START Information

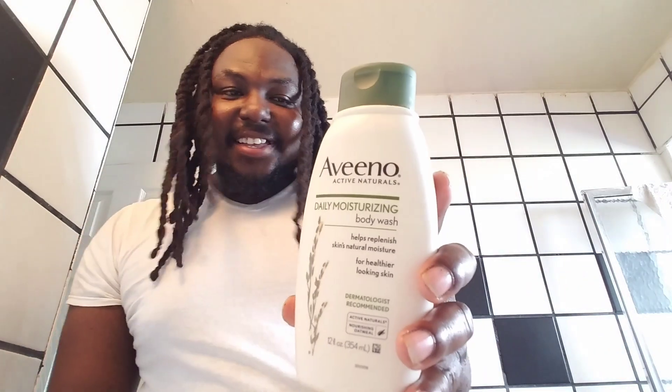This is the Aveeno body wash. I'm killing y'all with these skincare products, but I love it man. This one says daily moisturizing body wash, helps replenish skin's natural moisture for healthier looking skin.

END Information
START Information

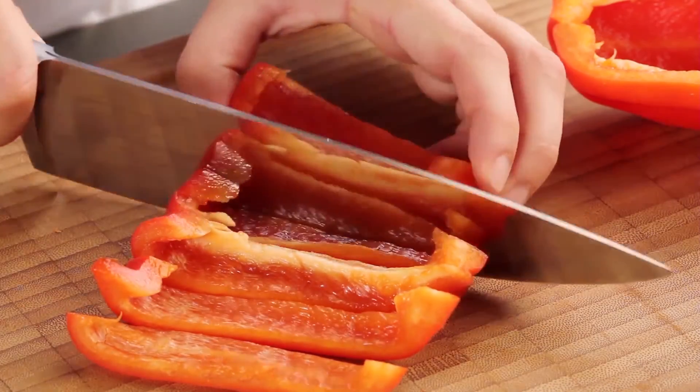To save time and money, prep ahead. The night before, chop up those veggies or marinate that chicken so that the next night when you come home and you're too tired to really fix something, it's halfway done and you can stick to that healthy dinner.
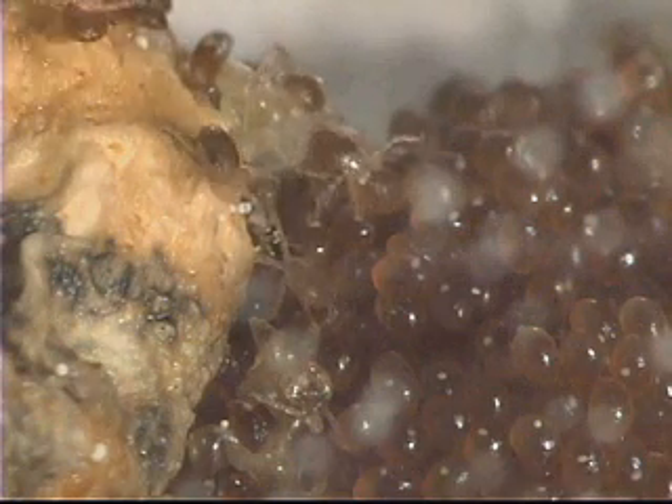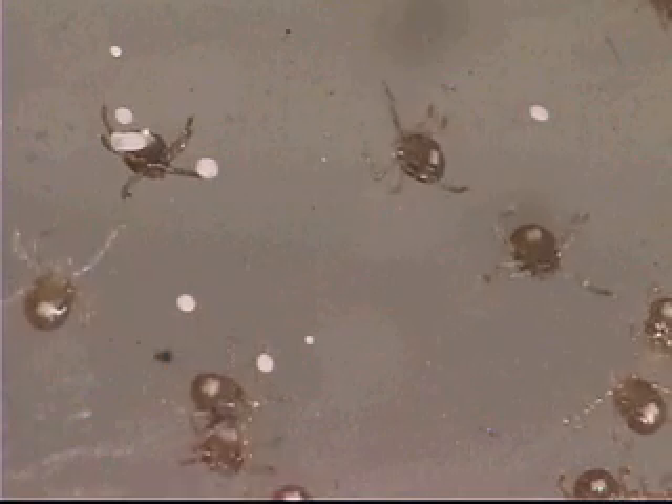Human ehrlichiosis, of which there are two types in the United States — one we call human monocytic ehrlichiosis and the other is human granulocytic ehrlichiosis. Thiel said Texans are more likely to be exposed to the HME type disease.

END Information
START Information

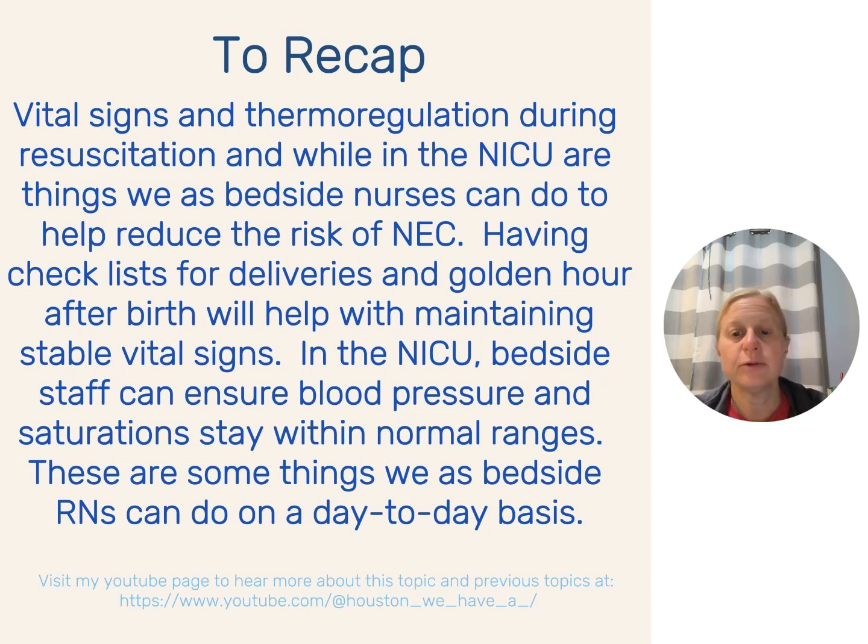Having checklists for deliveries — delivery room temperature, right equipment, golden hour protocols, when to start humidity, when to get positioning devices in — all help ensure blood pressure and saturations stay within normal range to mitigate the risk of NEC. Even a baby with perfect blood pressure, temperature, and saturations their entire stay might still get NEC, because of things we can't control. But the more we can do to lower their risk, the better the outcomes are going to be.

END Information

# What to produce:
Using the listing above, repeat word for word each line from the one with "To save time" down to the one with "Human ehrlichiosis, of", both included. Omit all pictures.

# Written reply:
To save time and money, prep ahead. The night before, chop up those veggies or marinate that chicken so that the next night when you come home and you're too tired to really fix something, it's halfway done and you can stick to that healthy dinner.
Human ehrlichiosis, of which there are two types in the United States — one we call human monocytic ehrlichiosis and the other is human granulocytic ehrlichiosis. Thiel said Texans are more likely to be exposed to the HME type disease.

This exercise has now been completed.